- _TASK INSTRUCTIONS_:
Return the data below exactly, but only from the line containing "Closeups of purple anemone flowers." through the line containing "Основные свойства объекта", with both of those lines included.

++++ DATA IN THIS EXERCISE

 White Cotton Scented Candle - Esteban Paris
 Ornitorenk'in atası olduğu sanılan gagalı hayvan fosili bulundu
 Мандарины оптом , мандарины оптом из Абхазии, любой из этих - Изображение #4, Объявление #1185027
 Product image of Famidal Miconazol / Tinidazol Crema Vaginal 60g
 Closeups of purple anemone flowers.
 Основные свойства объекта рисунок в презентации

++++++++
++++ DATA IN THIS EXERCISE

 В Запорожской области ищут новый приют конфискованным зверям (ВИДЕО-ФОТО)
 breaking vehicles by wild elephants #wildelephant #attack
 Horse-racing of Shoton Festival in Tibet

++++++++

- _SOLUTION TO THIS EXERCISE_:
 Closeups of purple anemone flowers.
 Основные свойства объекта рисунок в презентации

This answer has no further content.